The Chase star Paul Sinha has vowed to “fight with every breath I have”, after learning he has Parkinson’s disease.
But the 49-year-old comedian appealed to be treated “exactly the same as before” as he made public his diagnosis with the degenerative disorder of the nervous system that commonly affects movement, walking and can cause shaking.
Sinha, best known as Chaser The Sinnerman on the ITV gameshow - announced the news in a blog post in which he admitted he had been, “deeply scared” and admitted the two weeks since his diagnosis had been “really, really tough”.
I have Parkinson's disease. I will fight this with every breath I have. https://t.co/csp72zZmGQ— Paul Sinha (@paulsinha) June 14, 2019
The stand-up comedian revealed his first symptoms had presented themselves in a “frozen right shoulder” in 2017 and a right-sided limp which had become increasingly worse.
He wrote: “On the evening of Thursday May 30th, an experienced consultant neurologist calmly informed me that I had Parkinson’s disease. It was a devastating denouement to a medical odyssey that began in September 2017 with a sudden-onset, frozen right shoulder, and took in an unexpected diagnosis of Type 2 diabetes, a lifestyle transformation that enabled me to lose two stone, and a shoulder operation in January this year.”
Sinha went on: “I spent May this year in New Zealand simultaneously having the comedy month of my life, and worrying about why a right-sided limp was now getting worse.

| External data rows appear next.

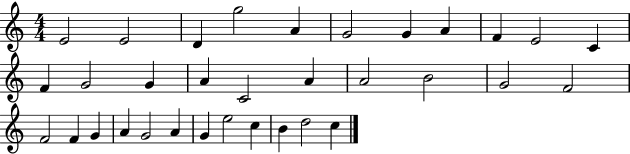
E4/h E4/h D4/q G5/h A4/q G4/h G4/q A4/q F4/q E4/h C4/q F4/q G4/h G4/q A4/q C4/h A4/q A4/h B4/h G4/h F4/h F4/h F4/q G4/q A4/q G4/h A4/q G4/q E5/h C5/q B4/q D5/h C5/q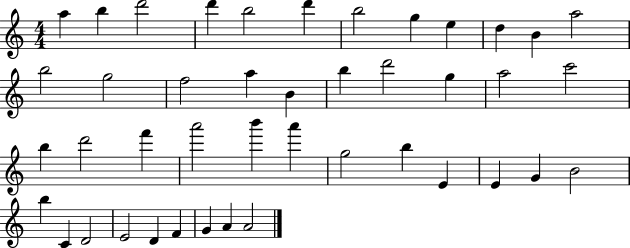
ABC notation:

X:1
T:Untitled
M:4/4
L:1/4
K:C
a b d'2 d' b2 d' b2 g e d B a2 b2 g2 f2 a B b d'2 g a2 c'2 b d'2 f' a'2 b' a' g2 b E E G B2 b C D2 E2 D F G A A2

Behind the facade of the cheerful, late night comedy festival drunk was a man deeply scared about facing the truth when back in the UK.”
But the TV star conveyed an extremely positive attitude to his treatment plan, and joked he may not be able to participate as a celebrity contestant on Dancing On Ice.

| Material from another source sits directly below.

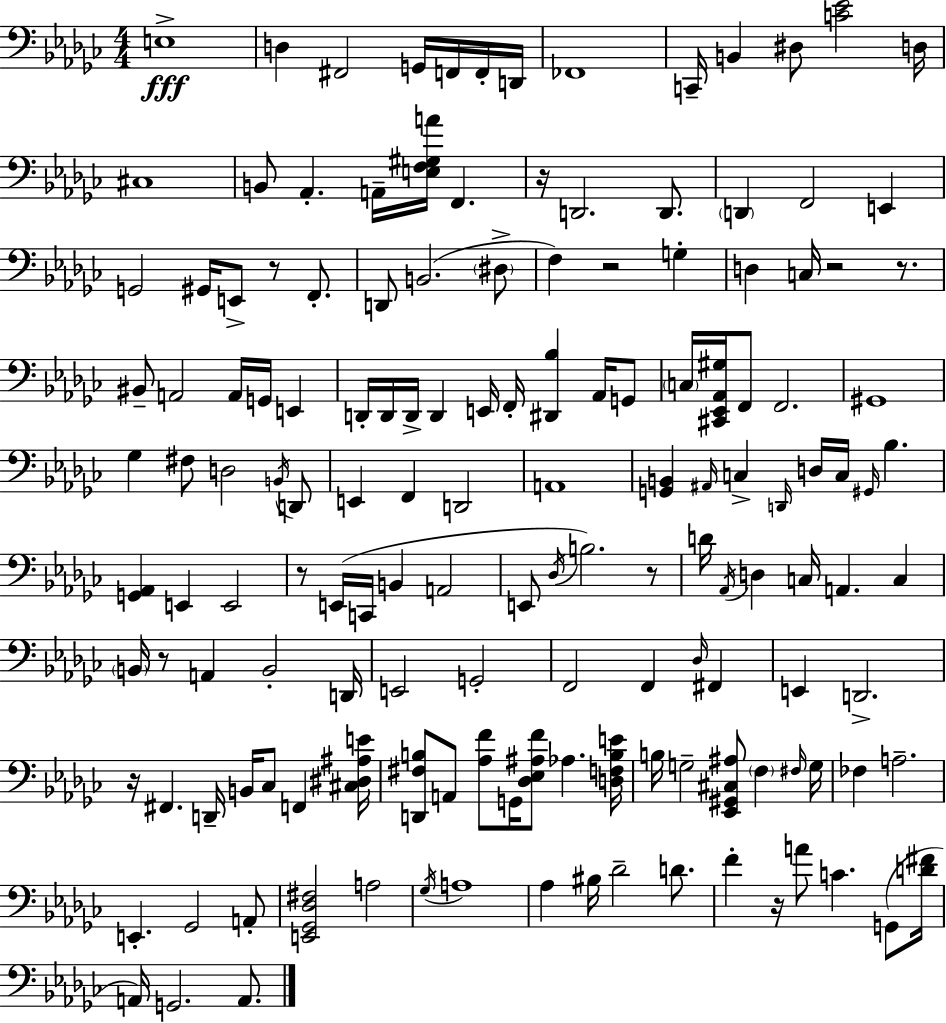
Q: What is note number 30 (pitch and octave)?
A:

He said: “In the time since my Parkinson’s started I have been ludicrously busy, and fully intend to keep Chasing, keep writing and performing comedy, keep quizzing and keep being hopeless at Tasks. Dancing on Ice is, I suspect, out of the question.

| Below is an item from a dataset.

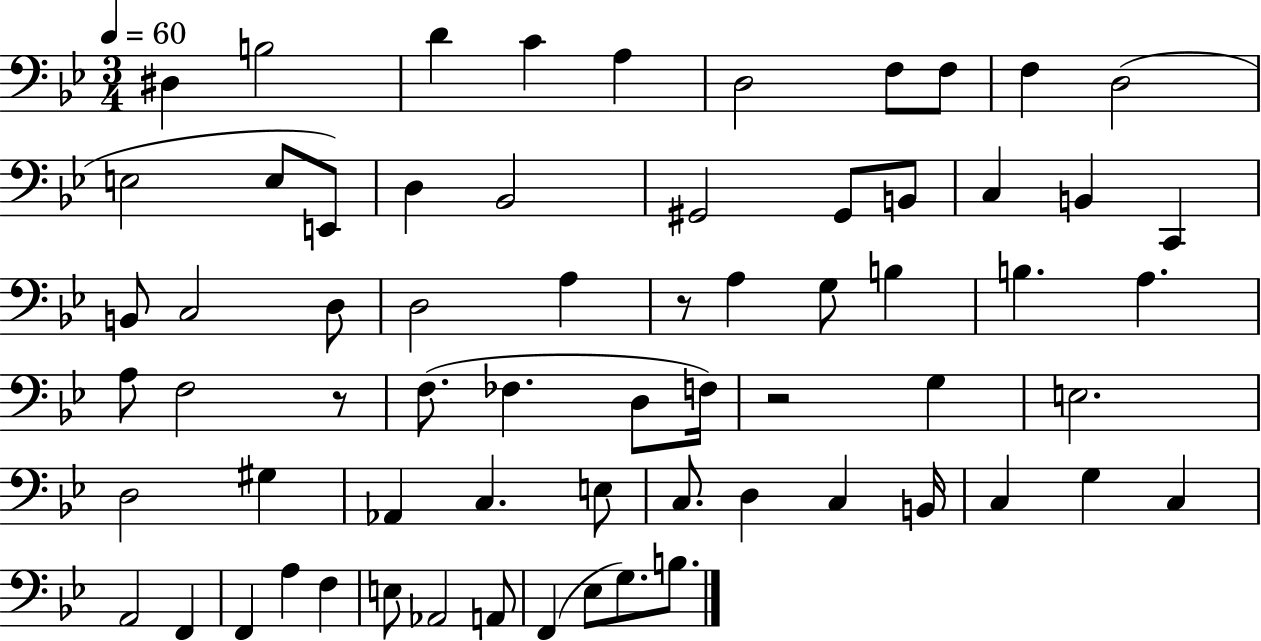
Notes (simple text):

D#3/q B3/h D4/q C4/q A3/q D3/h F3/e F3/e F3/q D3/h E3/h E3/e E2/e D3/q Bb2/h G#2/h G#2/e B2/e C3/q B2/q C2/q B2/e C3/h D3/e D3/h A3/q R/e A3/q G3/e B3/q B3/q. A3/q. A3/e F3/h R/e F3/e. FES3/q. D3/e F3/s R/h G3/q E3/h. D3/h G#3/q Ab2/q C3/q. E3/e C3/e. D3/q C3/q B2/s C3/q G3/q C3/q A2/h F2/q F2/q A3/q F3/q E3/e Ab2/h A2/e F2/q Eb3/e G3/e. B3/e.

“A lot of people have asked ‘What can I do to help ?’ The answer is to treat me exactly the same as before.”
Last month BBC news reporter Rory Cellan-Jones, 61, revealed he had been diagnosed with the condition after viewers commented they had noticed him shaking on screen.
Comedian Sir Billy Connolly, 76, has also publicly discussed his Parkinson’s diagnosis, which came after a fan noticed him walking strangely through an Australian hotel.
Back To The Future star Michael J. Fox was diagnosed with early-onset Parkinson's disease when he was just 29.